Google Play has removed 85 fake apps from their store this week, all of them found to contain similar adware. Many of the apps claimed to be video channels or racing games, but by far the most popular was “Easy Universal TV Remote,” which had been downloaded over 5 million times. Together, all 85 fakes apps have been downloaded over 9 million times by users around the world.
Cybersecurity researchers discovered the adware family and tested every one of the 85 apps, finding little difference in the behavior of the malicious code. Once the fake app is installed and opened, it immediately displays a full-screen ad. When that ad is closed, the fake home screen of the app is shown with its call-to-action button (START, PLAY, etc.). Tapping the button triggers another full-screen ad. When that ad is closed, more app-related buttons are displayed, each triggering another full-screen ad. When that ad is closed, the fake app claims to be buffering, then it disappears, hiding its icon from the home screen. It then continues to run in the background, popping up full-screen ads on the device at regular intervals. Some of the apps also were found to monitor home screen action, popping up ads as soon as the device is unlocked.
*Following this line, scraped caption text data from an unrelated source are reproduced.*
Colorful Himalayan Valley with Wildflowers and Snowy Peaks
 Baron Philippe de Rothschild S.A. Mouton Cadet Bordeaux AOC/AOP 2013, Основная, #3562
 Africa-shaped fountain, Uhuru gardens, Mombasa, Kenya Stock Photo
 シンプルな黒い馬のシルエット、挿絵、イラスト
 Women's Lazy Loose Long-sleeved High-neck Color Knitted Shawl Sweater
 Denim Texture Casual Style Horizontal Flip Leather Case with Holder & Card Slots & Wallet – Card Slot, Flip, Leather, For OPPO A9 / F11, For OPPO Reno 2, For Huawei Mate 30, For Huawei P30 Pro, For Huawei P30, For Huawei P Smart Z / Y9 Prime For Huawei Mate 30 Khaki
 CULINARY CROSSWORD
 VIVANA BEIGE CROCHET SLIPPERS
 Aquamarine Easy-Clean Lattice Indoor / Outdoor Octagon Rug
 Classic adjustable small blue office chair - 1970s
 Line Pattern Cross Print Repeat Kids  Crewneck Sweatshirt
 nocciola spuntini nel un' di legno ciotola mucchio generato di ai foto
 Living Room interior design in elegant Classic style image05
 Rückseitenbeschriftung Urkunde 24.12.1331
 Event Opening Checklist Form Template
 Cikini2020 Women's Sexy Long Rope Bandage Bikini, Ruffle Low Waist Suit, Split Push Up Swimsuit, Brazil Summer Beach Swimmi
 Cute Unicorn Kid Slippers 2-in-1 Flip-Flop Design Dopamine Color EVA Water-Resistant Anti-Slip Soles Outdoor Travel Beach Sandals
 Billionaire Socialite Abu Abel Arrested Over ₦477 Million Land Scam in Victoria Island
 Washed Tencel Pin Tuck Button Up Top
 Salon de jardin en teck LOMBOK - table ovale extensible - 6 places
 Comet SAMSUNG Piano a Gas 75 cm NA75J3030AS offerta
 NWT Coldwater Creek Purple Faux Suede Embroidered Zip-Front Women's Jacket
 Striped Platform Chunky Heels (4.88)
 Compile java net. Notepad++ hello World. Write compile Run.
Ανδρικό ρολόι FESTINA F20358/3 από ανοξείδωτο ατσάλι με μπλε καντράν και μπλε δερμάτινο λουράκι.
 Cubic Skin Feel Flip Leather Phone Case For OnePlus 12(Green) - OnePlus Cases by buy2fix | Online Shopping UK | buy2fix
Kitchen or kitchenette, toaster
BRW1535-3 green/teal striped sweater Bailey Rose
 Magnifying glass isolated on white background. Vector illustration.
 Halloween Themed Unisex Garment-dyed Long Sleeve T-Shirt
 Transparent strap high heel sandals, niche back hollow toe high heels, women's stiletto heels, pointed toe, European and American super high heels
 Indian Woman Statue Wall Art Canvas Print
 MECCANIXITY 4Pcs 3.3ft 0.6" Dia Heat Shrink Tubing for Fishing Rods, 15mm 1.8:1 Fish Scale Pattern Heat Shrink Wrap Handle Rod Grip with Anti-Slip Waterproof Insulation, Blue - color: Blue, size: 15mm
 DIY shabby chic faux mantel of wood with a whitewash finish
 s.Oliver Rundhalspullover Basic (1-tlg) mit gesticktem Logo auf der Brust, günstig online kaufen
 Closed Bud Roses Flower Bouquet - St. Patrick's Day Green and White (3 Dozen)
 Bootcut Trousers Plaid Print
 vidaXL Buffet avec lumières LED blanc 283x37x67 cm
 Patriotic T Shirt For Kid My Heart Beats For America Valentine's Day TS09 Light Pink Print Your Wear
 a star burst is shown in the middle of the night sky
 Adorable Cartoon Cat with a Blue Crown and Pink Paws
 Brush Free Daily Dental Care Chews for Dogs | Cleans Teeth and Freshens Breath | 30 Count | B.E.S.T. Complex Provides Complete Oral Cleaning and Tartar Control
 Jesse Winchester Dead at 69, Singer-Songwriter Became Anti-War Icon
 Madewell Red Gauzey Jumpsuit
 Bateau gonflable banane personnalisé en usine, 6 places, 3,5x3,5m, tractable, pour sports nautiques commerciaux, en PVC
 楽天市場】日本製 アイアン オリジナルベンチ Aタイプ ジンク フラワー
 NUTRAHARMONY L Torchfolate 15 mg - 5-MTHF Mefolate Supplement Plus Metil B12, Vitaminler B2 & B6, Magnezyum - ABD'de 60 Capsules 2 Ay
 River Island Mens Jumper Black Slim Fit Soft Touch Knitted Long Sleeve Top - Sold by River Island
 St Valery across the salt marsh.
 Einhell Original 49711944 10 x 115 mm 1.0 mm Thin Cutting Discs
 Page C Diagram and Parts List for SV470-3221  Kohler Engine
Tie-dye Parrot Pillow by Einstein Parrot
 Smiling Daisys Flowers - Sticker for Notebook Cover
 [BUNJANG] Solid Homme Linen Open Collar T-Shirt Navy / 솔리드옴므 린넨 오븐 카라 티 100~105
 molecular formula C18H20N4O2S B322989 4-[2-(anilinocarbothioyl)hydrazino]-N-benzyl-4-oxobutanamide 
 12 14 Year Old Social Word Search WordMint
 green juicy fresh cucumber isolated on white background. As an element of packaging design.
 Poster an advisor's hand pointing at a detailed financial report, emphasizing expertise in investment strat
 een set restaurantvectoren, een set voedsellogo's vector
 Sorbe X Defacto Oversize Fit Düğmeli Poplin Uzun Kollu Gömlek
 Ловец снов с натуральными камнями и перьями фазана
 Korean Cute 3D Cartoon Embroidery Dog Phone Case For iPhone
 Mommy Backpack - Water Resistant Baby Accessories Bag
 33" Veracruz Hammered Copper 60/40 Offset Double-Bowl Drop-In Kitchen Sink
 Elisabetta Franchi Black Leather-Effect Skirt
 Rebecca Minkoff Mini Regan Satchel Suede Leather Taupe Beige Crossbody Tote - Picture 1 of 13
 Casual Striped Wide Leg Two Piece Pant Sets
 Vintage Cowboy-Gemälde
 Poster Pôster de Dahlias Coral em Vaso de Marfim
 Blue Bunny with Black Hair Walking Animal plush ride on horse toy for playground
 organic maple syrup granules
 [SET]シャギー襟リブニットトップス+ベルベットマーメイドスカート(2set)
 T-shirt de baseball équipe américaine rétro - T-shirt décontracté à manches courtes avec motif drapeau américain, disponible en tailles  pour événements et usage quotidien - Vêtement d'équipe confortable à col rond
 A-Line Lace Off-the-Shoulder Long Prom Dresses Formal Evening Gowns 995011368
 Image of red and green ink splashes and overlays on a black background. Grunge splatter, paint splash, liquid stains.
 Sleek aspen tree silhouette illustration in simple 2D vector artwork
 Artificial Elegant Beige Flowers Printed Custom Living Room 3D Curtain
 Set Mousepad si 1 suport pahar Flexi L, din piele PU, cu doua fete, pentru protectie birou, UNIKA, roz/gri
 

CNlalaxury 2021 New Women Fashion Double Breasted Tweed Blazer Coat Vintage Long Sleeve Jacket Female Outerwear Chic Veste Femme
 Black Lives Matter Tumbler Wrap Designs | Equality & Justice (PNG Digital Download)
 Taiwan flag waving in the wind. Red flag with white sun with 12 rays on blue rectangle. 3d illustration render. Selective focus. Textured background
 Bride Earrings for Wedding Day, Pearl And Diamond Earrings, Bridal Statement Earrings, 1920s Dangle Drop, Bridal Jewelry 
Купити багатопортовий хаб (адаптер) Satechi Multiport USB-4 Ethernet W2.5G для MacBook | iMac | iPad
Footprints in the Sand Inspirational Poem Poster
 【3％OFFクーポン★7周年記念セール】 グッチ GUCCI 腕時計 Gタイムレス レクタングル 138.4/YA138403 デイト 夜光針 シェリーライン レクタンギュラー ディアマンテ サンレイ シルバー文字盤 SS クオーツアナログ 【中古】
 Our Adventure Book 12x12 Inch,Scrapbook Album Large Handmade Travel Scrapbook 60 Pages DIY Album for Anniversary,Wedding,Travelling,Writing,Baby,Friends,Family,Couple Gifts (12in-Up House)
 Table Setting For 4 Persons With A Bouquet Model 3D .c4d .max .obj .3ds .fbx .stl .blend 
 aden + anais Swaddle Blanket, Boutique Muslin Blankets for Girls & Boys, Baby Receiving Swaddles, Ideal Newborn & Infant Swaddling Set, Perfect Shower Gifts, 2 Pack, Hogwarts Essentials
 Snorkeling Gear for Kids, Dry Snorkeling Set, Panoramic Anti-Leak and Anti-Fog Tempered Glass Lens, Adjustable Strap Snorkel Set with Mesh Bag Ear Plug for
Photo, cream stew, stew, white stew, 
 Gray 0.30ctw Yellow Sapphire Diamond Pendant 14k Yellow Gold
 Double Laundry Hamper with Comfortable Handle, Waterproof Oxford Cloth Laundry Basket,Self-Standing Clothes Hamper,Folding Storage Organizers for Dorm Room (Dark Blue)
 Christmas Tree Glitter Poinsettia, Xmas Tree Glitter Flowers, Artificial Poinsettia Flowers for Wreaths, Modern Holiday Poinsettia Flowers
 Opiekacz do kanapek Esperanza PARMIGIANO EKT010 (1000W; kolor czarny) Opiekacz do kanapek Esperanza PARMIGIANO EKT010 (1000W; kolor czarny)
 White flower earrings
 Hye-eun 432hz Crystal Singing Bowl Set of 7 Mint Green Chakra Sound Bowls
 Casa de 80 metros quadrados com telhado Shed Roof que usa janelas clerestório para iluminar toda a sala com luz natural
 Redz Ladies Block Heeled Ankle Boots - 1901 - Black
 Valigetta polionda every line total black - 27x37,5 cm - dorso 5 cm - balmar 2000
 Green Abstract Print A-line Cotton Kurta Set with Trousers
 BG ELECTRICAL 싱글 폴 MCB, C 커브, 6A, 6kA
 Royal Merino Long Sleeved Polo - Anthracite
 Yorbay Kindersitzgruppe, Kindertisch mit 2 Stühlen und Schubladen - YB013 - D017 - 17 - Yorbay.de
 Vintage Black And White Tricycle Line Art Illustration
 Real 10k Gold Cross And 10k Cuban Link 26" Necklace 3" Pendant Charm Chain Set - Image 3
In its next large rollout of Windows 10, Microsoft is issuing a fix to a problem that originated with its October 2018 update — namely, Windows Update not checking first if there is enough storage on the computer to handle its updates. The “fix” may not be good news to users with low-memory systems, however, because it entails reserving 7GB of the system’s own disk space to be used solely for update installation.
Currently, if the user’s computer does not have enough storage, Windows will install the updates anyway, but then display an error message upon relaunch. The reserved storage feature will allow all updates to install smoothly without error. Windows will also use the reserved storage space for temporary files. While users won’t be able to remove the reserved storage feature, they will be able to adjust the amount of storage reserved.
A data breach that occurred in 2013 at Neiman Marcus was finally settled, and the retailer will be paying out to about 40 states a sum total of $1.5 million. In addition, the company must adhere to a code of stricter security standards in its handling of customer payment info. The breach had occurred over the course of several months and involved 77 Neiman Marcus department stores. About 370,000 payment cards are believed to have been compromised, with at least 9,200 of them having reportedly been used fraudulently.
“While $4 per payment card compromised may seem insignificant,” explains Avast security evangelist Luis Corrons, “the total cost of a hack like this usually is much bigger. For example, the data breach suffered by Target that same year affected 40 million credit and debit cards, and the settlement was $18.5 million. However, Target recognized that the total cost of the data breach has been a staggering $202 million.”